Victory in Ramadi City against ISIS by the Iraqi Army, despite ISIS holdouts, has given a shot in the arm to the Iraqi government and to Iraqi Prime Minister Haider al-Abadi. Strengthening Iraq’s political institution is not only essential to the fight against ISIS but also for larger regional objectives. This will not be easy, however, given the government’s problems beyond ISIS, ranging from a desperate budgetary crisis to Iranian encroachment.
In a December article for The Cipher Brief, I described the diplomatic steps necessary to defeat ISIS and stabilize Iraq. Such an effort, however, requires a complementary focus on the internal problems that endanger the fight against ISIS and challenge the stability of the Iraqi state. Assuming America can make progress with Iran on its destabilizing actions within Iraq, the two most important internal problems for Abadi are finances and his ‘minority’ ethnic/religious groups, the Sunni Arabs, many of whom still sit on the fence between Baghdad and ISIS. Then there are the Kurds who, once again, are rhetorically calling for independence. The U.S. can play a role here and thereby help defeat ISIS but only if Washington engages more and accepts greater risks.
The immediate crisis is the budget. As the New York Times reported last month, Iraq is on the verge of a financial crisis. The country’s hard currency reserves are predicted to dry up within 18 months and Iraq’s total oil income has dropped from almost $8 billion monthly to less than $3 billion. As oil income makes up the lion’s share of the national economy (and over 90 percent of government revenues), ‘large scale social unrest’ looms. The Kurdistan Regional Government (KRG) in the north is in even more dire shape, crushed under a flood of internally displaced persons (IDP’s) and costs of the war against ISIS. The international community is pitching in with loan discussions and other measures, and Iraq has substantial private sector sources to be tapped and government inefficiencies that could be rectified. Nevertheless, this crisis will strain the country’s social fabric and unity.
This unity, politically long under pressure, requires not only new funding sources but political reform. Prime Minister Abadi is working to arm the country’s Sunni Arabs—incorporating up to 40 thousand of them into the Popular Mobilization Forces (PMF) advocated by Grand Ayatollah Sistani 20 months ago. While usually identified with Shi’a forces, that was not Sistani’s specific intent. Just as the “Sons of Iraq” Awakening in 2007-8 was associated with Sunni Arabs but eventually counted many Shi’a fighters, the incorporation of Sunnis into their own militia to augment the predominately Sunni Arab police forces of the three Sunni provinces—Ninewah, Salladin, and Anbar—would go far to reassure Sunni populations of Baghdad’s intentions, and give them some control over their own territory.

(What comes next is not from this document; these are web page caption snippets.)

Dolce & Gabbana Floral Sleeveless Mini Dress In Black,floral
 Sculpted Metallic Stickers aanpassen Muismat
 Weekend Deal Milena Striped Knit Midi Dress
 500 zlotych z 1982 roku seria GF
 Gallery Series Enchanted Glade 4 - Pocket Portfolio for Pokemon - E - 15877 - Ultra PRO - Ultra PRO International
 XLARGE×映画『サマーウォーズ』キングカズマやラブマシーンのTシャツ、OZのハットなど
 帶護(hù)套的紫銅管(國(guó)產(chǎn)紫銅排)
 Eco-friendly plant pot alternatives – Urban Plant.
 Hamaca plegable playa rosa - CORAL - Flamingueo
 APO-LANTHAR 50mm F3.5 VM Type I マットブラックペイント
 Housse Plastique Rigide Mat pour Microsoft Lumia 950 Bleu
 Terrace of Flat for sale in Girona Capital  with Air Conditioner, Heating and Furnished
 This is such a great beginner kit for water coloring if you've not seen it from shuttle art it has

Once ISIS is driven out of an area, however, two additional steps are required to stabilize newly liberated territories and provide Sunni Arabs more autonomy. First is reconciliation, both between predominantly Shi’a Arab Iraqi army forces, Shi’a PMF, and in some areas Shi’a populations, and with the predominantly Sunni Arab population of these three provinces. Government reconciliation initiatives which were taken after the liberation of Tikrit in late 2014, including programs supported by the U.S. Institute of Peace (USIP), can help calm local populations. This has to be followed by the restoration of services and the empowerment of local political institutions, such as governorships, and provincial and city councils. The central government and Iraqi parliament should encourage rather than hinder exploration of ‘regional status,’ as authorized by the Iraqi constitution, for one or more of these provinces. The final shape of these Sunni provinces’ political model is less important than a popular effort to explore options that could be accepted by Baghdad. With these steps, institutional and legal problems that have bedeviled the Baghdad-Sunni Arab population relationship since 2003, such as detainee releases, amnesty, and de-Baathification, could be resolved.
Likewise, the relationship between the KRG in Erbil and the central Iraqi government could be improved by implementing the December 2014 oil export/payments agreement between Erbil and Baghdad, expediting Baghdad’s handling of weapons requests from the KRG, and supporting international funding of the KRG’s extraordinary efforts to house and feed refugees and IDP’s. Erbil could help by toning down its incendiary threats to declare independence in the midst of this national crisis.
Aside from leading the fight against ISIS and managing regional diplomacy, the U.S. can assist these efforts by leveraging support against ISIS to promote the above reform agenda and by pressing international institutions to support Baghdad and Erbil’s generosity towards refugees and internally displaced people. If necessary, the U.S. should up its own military, humanitarian, and financial assistance. A stable Middle East is simply not possible with a dysfunctional, disunited Iraq in its middle. Washington’s ‘business as usual’ is not sufficient to stem this danger.